### PROVIDED DATA
-.-.-
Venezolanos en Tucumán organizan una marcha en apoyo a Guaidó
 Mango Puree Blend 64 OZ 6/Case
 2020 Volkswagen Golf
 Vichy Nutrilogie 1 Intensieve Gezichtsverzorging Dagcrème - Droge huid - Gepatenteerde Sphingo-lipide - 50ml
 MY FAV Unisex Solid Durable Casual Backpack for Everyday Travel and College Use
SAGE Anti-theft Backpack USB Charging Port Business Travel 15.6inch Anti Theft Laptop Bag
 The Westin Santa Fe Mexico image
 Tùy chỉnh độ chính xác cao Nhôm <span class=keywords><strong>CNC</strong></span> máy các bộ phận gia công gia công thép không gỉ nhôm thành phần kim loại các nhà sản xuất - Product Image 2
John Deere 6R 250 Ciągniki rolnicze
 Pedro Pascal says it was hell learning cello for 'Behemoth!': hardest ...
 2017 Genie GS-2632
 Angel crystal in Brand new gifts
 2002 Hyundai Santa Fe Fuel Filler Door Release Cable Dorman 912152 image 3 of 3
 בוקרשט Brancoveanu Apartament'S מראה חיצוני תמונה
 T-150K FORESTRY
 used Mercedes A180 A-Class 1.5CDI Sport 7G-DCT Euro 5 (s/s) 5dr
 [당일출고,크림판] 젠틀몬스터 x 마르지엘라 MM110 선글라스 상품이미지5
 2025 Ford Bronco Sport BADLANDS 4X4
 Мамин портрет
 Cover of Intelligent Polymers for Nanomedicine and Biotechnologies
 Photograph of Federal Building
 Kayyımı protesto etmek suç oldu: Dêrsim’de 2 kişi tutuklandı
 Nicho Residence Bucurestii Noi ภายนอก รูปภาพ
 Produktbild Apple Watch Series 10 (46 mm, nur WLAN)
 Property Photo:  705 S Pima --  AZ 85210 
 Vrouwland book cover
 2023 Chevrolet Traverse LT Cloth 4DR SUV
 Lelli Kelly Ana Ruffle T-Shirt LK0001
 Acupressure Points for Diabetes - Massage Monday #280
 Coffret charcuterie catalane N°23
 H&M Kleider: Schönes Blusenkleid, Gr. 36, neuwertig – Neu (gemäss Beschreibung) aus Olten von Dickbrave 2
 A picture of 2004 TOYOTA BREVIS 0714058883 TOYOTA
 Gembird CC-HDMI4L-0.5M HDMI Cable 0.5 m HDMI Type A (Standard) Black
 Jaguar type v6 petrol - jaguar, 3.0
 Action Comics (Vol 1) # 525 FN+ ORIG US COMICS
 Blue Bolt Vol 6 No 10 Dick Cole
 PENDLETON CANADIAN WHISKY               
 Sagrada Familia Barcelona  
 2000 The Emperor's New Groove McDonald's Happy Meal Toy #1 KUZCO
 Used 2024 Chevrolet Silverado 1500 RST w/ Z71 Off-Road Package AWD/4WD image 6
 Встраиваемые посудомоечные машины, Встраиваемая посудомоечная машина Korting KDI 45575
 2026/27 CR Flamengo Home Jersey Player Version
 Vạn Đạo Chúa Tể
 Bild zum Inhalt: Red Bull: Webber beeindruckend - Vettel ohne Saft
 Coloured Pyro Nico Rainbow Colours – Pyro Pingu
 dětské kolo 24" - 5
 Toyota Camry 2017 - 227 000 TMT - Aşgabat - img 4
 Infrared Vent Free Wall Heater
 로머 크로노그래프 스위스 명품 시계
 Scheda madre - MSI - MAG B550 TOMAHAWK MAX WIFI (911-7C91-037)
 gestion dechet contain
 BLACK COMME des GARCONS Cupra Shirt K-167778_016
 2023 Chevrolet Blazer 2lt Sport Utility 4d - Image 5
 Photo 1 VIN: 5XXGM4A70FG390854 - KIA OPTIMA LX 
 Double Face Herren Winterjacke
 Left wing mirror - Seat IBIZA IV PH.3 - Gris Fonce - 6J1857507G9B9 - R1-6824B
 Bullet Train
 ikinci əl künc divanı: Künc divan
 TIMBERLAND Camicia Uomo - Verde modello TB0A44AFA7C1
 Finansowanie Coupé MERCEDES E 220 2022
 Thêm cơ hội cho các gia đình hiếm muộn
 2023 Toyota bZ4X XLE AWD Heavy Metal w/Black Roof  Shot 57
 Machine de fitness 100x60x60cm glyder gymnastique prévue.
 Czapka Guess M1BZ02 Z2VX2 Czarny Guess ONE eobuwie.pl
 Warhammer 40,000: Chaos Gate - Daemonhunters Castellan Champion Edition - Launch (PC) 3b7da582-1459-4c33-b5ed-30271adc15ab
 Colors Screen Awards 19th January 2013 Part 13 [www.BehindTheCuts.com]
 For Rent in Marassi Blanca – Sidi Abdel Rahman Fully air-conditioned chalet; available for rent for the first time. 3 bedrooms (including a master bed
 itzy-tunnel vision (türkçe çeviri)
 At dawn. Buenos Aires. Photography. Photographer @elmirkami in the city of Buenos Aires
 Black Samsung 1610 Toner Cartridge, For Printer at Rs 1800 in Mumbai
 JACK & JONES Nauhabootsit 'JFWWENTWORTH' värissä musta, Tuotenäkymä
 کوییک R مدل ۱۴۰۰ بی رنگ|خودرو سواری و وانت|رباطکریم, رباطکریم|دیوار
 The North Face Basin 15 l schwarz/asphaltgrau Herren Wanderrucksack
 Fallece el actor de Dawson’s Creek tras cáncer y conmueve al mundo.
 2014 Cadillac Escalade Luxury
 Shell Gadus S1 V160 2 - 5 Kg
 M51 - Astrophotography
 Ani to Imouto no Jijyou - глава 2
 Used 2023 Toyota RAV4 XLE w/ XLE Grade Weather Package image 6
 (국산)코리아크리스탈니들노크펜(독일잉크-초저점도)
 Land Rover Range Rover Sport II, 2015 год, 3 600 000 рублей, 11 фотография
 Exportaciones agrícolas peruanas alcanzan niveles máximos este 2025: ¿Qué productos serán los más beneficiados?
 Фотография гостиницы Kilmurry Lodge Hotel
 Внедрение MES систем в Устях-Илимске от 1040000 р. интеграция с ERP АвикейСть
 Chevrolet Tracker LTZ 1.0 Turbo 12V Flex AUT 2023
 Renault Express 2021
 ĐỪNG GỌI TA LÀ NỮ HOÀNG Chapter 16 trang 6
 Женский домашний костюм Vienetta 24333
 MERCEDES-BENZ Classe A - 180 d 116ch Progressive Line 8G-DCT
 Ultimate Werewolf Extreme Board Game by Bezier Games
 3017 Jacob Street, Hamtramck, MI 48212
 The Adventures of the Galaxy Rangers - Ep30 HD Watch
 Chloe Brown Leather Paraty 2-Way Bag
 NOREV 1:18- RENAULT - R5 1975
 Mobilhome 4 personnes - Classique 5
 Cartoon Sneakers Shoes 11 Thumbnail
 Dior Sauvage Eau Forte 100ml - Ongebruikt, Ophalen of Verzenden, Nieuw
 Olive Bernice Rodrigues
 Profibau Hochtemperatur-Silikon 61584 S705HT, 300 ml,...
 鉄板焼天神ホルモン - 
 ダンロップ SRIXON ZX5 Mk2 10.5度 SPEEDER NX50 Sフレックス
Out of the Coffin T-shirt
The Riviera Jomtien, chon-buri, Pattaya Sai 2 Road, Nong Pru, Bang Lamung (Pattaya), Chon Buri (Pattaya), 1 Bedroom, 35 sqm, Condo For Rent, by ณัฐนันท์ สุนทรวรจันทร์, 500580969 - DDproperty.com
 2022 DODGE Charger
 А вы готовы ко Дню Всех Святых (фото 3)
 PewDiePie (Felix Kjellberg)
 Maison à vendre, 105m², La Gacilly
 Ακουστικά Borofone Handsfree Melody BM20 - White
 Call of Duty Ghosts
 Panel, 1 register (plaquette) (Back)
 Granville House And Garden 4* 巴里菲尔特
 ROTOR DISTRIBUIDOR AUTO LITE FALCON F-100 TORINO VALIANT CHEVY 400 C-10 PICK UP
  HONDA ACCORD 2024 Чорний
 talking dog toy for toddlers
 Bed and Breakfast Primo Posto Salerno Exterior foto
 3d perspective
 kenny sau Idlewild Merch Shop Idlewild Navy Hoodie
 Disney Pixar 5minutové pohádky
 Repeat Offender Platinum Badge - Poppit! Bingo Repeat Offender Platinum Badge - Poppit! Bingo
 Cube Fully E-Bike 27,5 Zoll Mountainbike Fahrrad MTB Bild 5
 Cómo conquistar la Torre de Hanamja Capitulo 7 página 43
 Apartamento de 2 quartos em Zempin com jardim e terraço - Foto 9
-.-.-
### WORK TO COMPLETE
From the records above, quote only the lines running from the line with "Встраиваемые посудомоечные машины, Встраиваемая" to the line with "itzy-tunnel vision (türkçe çeviri)", both lines included.

### REPLY TO THE TASK
 Встраиваемые посудомоечные машины, Встраиваемая посудомоечная машина Korting KDI 45575
 2026/27 CR Flamengo Home Jersey Player Version
 Vạn Đạo Chúa Tể
 Bild zum Inhalt: Red Bull: Webber beeindruckend - Vettel ohne Saft
 Coloured Pyro Nico Rainbow Colours – Pyro Pingu
 dětské kolo 24" - 5
 Toyota Camry 2017 - 227 000 TMT - Aşgabat - img 4
 Infrared Vent Free Wall Heater
 로머 크로노그래프 스위스 명품 시계
 Scheda madre - MSI - MAG B550 TOMAHAWK MAX WIFI (911-7C91-037)
 gestion dechet contain
 BLACK COMME des GARCONS Cupra Shirt K-167778_016
 2023 Chevrolet Blazer 2lt Sport Utility 4d - Image 5
 Photo 1 VIN: 5XXGM4A70FG390854 - KIA OPTIMA LX 
 Double Face Herren Winterjacke
 Left wing mirror - Seat IBIZA IV PH.3 - Gris Fonce - 6J1857507G9B9 - R1-6824B
 Bullet Train
 ikinci əl künc divanı: Künc divan
 TIMBERLAND Camicia Uomo - Verde modello TB0A44AFA7C1
 Finansowanie Coupé MERCEDES E 220 2022
 Thêm cơ hội cho các gia đình hiếm muộn
 2023 Toyota bZ4X XLE AWD Heavy Metal w/Black Roof  Shot 57
 Machine de fitness 100x60x60cm glyder gymnastique prévue.
 Czapka Guess M1BZ02 Z2VX2 Czarny Guess ONE eobuwie.pl
 Warhammer 40,000: Chaos Gate - Daemonhunters Castellan Champion Edition - Launch (PC) 3b7da582-1459-4c33-b5ed-30271adc15ab
 Colors Screen Awards 19th January 2013 Part 13 [www.BehindTheCuts.com]
 For Rent in Marassi Blanca – Sidi Abdel Rahman Fully air-conditioned chalet; available for rent for the first time. 3 bedrooms (including a master bed
 itzy-tunnel vision (türkçe çeviri)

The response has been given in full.